Я нервно, визгливо даже, рассмеялся. Это было что-то новое. Или, скорей, что-то старое, давно и напрочь забытое, из анекдотов века девятнадцатого. Какая тема? Никаких отдельных, вырванных из материи прозы тем для романов никогда в России не существовало! И хоть поговаривали умники, будто дал когда-то тему для романа Гончаров Иван томному Ивану Тургеневу, я в это не верил. Есть, есть в наших романах нечто неделимое, не рассекаемое на тему, фабулу, сюжет! Есть в них некое потаенное единство и слитность. Но слитность эта вовсе не темой зовется! А коли так, нечего и огород городить, незачем беса тешить!
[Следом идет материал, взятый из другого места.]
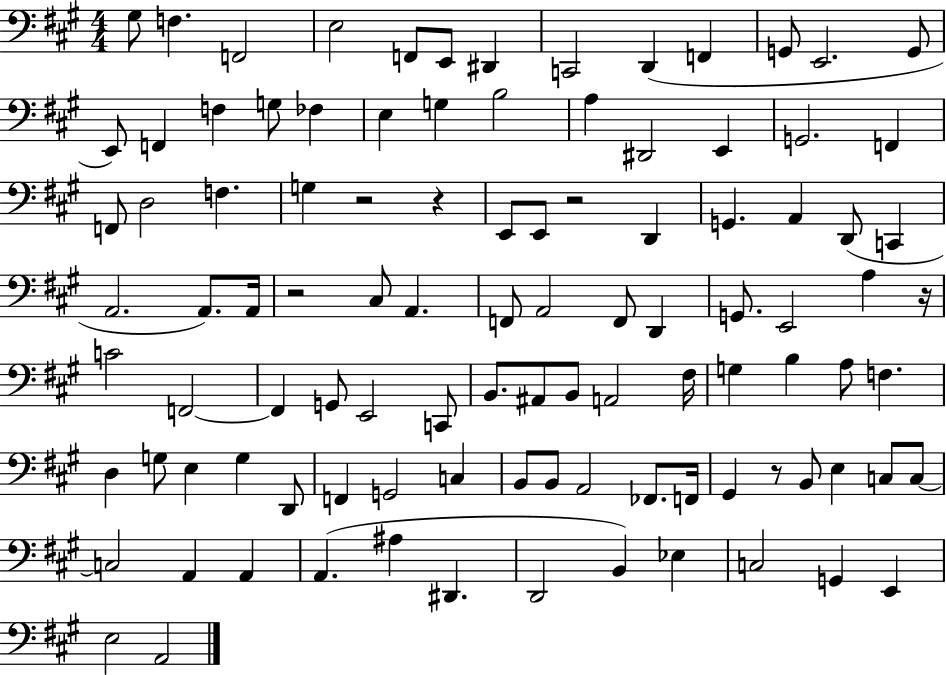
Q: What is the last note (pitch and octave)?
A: A2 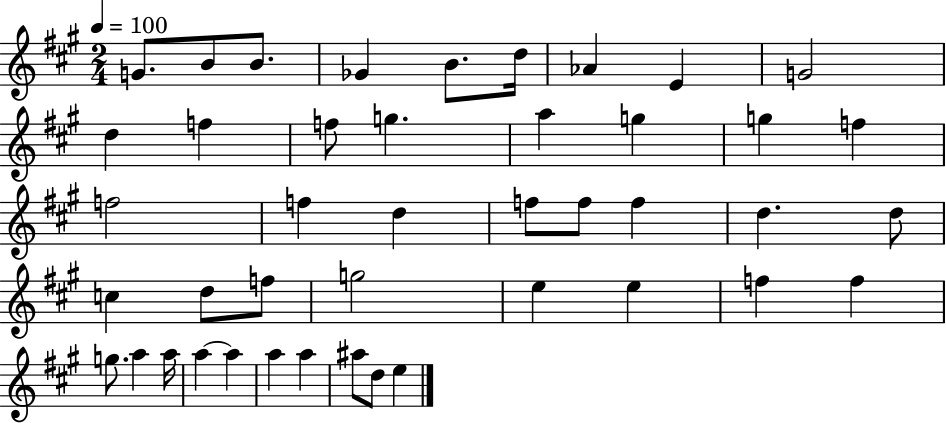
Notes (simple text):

G4/e. B4/e B4/e. Gb4/q B4/e. D5/s Ab4/q E4/q G4/h D5/q F5/q F5/e G5/q. A5/q G5/q G5/q F5/q F5/h F5/q D5/q F5/e F5/e F5/q D5/q. D5/e C5/q D5/e F5/e G5/h E5/q E5/q F5/q F5/q G5/e. A5/q A5/s A5/q A5/q A5/q A5/q A#5/e D5/e E5/q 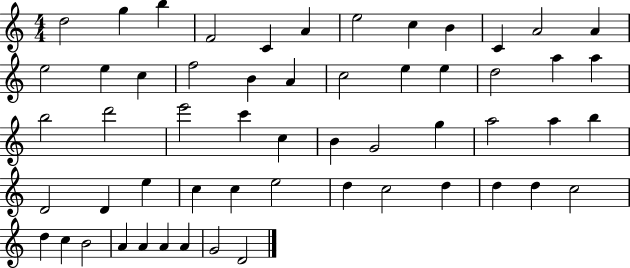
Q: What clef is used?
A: treble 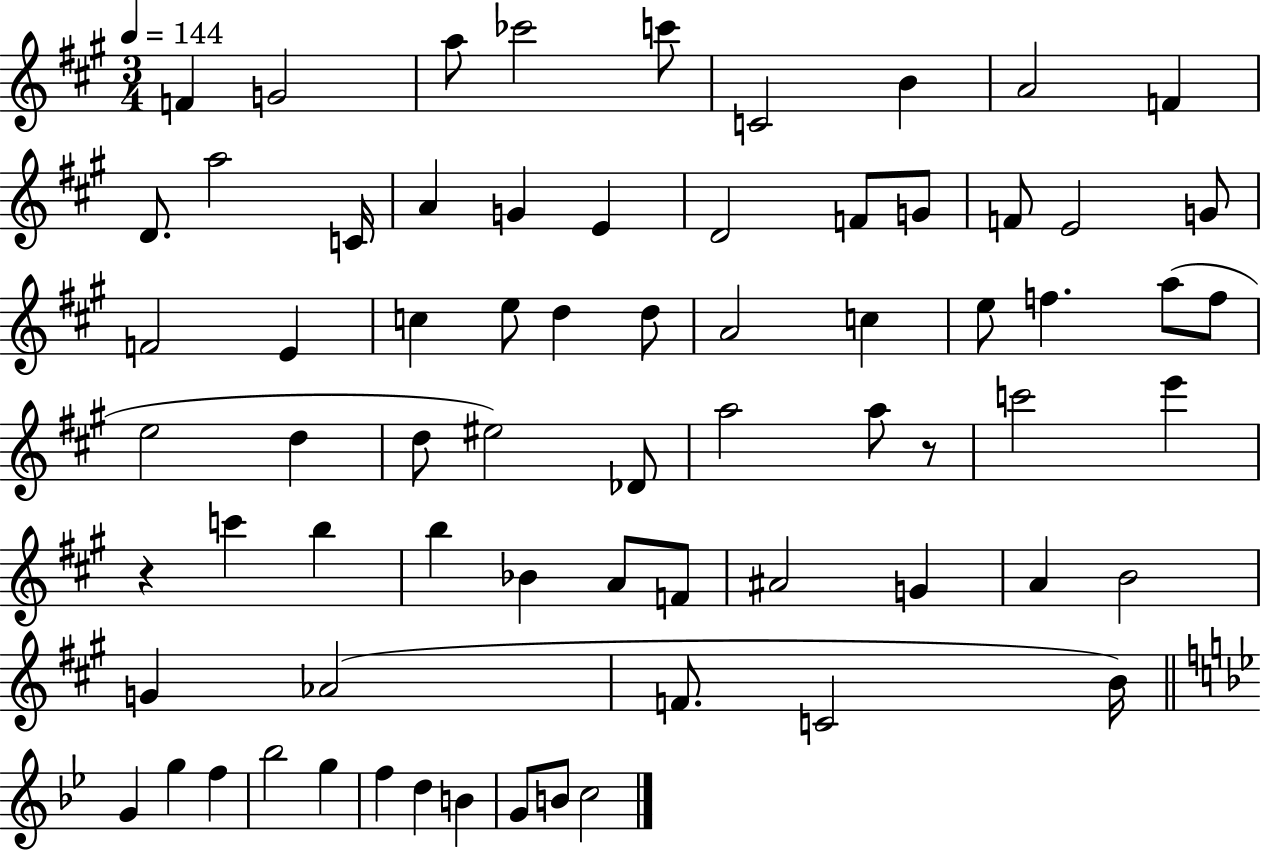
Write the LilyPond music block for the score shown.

{
  \clef treble
  \numericTimeSignature
  \time 3/4
  \key a \major
  \tempo 4 = 144
  f'4 g'2 | a''8 ces'''2 c'''8 | c'2 b'4 | a'2 f'4 | \break d'8. a''2 c'16 | a'4 g'4 e'4 | d'2 f'8 g'8 | f'8 e'2 g'8 | \break f'2 e'4 | c''4 e''8 d''4 d''8 | a'2 c''4 | e''8 f''4. a''8( f''8 | \break e''2 d''4 | d''8 eis''2) des'8 | a''2 a''8 r8 | c'''2 e'''4 | \break r4 c'''4 b''4 | b''4 bes'4 a'8 f'8 | ais'2 g'4 | a'4 b'2 | \break g'4 aes'2( | f'8. c'2 b'16) | \bar "||" \break \key bes \major g'4 g''4 f''4 | bes''2 g''4 | f''4 d''4 b'4 | g'8 b'8 c''2 | \break \bar "|."
} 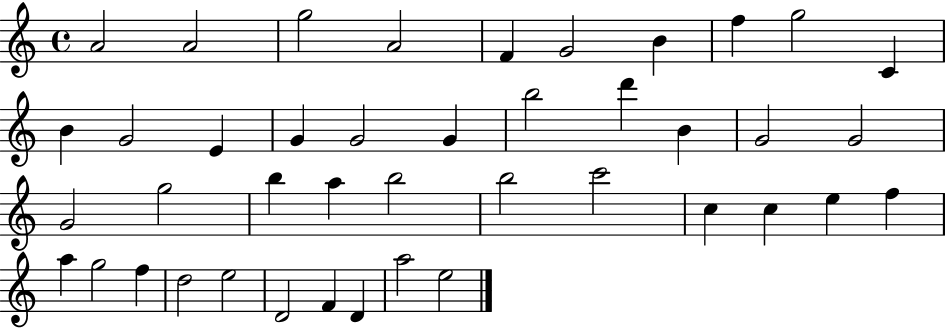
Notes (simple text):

Однако ему, пышущему жаром печным шеф-повару, ему, обряженному в приличную одежду, но, наверное, готовому и к ампутациям резвым и к холощеньям поганым ветеринару, сказал я с хоронимой печалью и с равнодушьем притворным:

- Времена - смутные. Имя мое - из-за статеек - под подозрением. Зачем вам со мною связываться, неприятности издательству наживать? Да и романы уж вы мне поверьте - возникают по-другому!

- Жаль, - сказал маленький издатель. - Темка-то, безусловно, ваша. Я читал один ваш рассказ: город, танки, змеящийся дым, туман, лепет, крик... И непознанная жизнь над всем этим! Вот такую неизъяснимую, а все-таки присутствующую жизнь и прописать бы! Конечно, не слишком мудрствуя, а так, эскизно...

- Не продолжайте! - соскочив с просцениума, пробежался я по пустому подвальному зальцу, выщелкнул ногой несколько откидных сидений. Получилось фальшиво, театрально. Но понял я это лишь позже, потом! А тогда искренне-пылко стал возражать собеседнику, который со мной вовсе не спорил: - Лучше я буду зарабатывать на хлеб жалкой попсой, - выговаривал я ему, чем врать и сентиментальничать в романах! Вам ведь что требуется пост-модерн? А ежели не "пост", так боевичок ладить заставите, "мочить" всех подряд заставите или сам я вынужден буду брехать, как пес, и крошить в капусту своих персонажей, не совладав в спешке с чем-нибудь важным: ну хотя б со стилем. И потом... Опасаюсь я всего заёмного! Сюжетов же, пришедших не изнутри, - подавно остерегаюсь. Так что примите уверенья...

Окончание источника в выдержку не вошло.